Records from a dataset
______
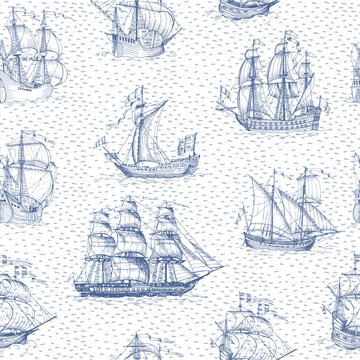Old caravel, vintage sailboat. Hand drawn vector sketch. Detail of the old geographical maps of sea. Vector seamless pattern © Shalyapina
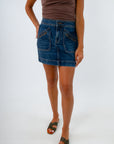 Fall bottoms denim mini skirt with functional pockets, dark wash denim mini skirt, dark denim mini skirt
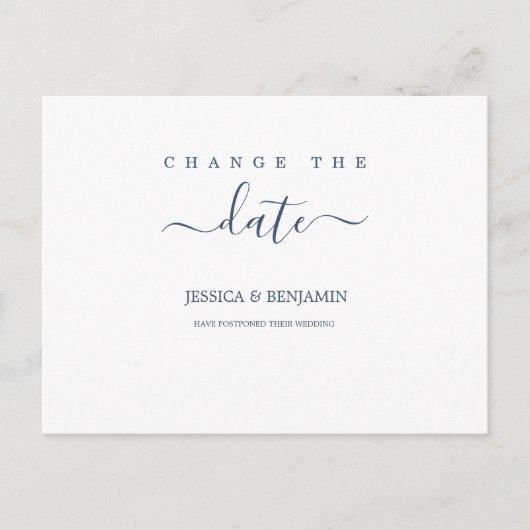 Moderne Hochzeitspause verändern das Datum Postkarte (Vorderseite)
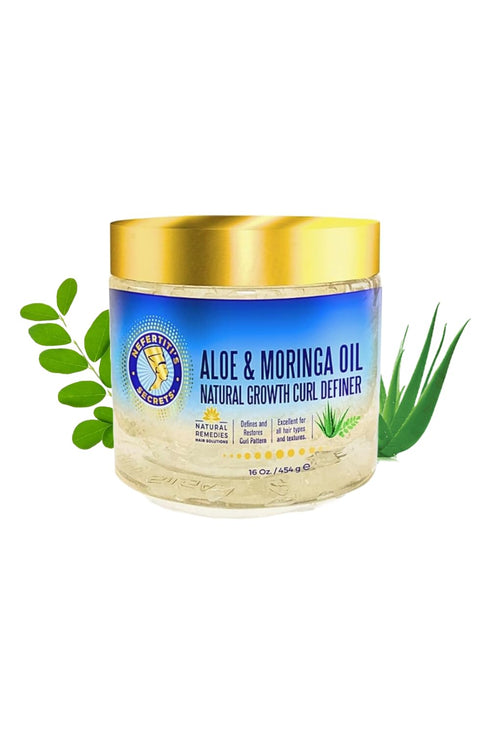 Nefertiti's Secrets Natural Growth Curl Definer, Aloe Vera and Moringa Oil for Hair Growth & Moisture, 16 Oz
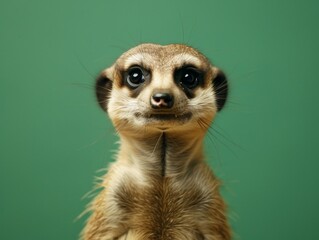 Poster - A meerkat's quirky closeup, standing alert on emerald green, offers ample copy space for creativity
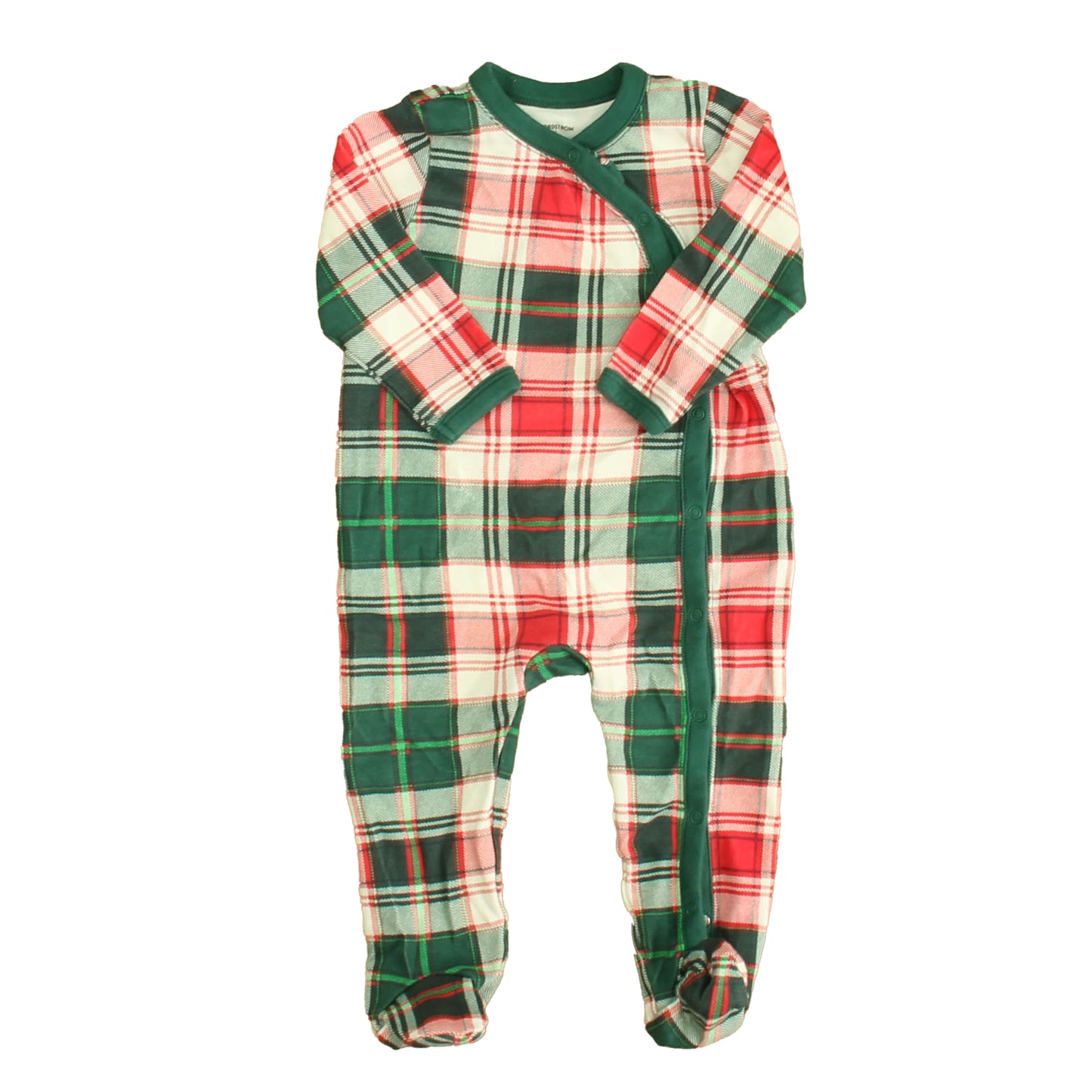 Nordstrom Boys Red | Green Plaid 1-piece footed Pajamas Size: 9 Months Red | Green Plaid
______
REQUIRED WORK:
Exact text is required for the lines from the one with "Poster - A meerkat's" through the last line of the entries, both included. Omit pictures.

TASK RESULT:
 Poster - A meerkat's quirky closeup, standing alert on emerald green, offers ample copy space for creativity
 Nordstrom Boys Red | Green Plaid 1-piece footed Pajamas Size: 9 Months Red | Green Plaid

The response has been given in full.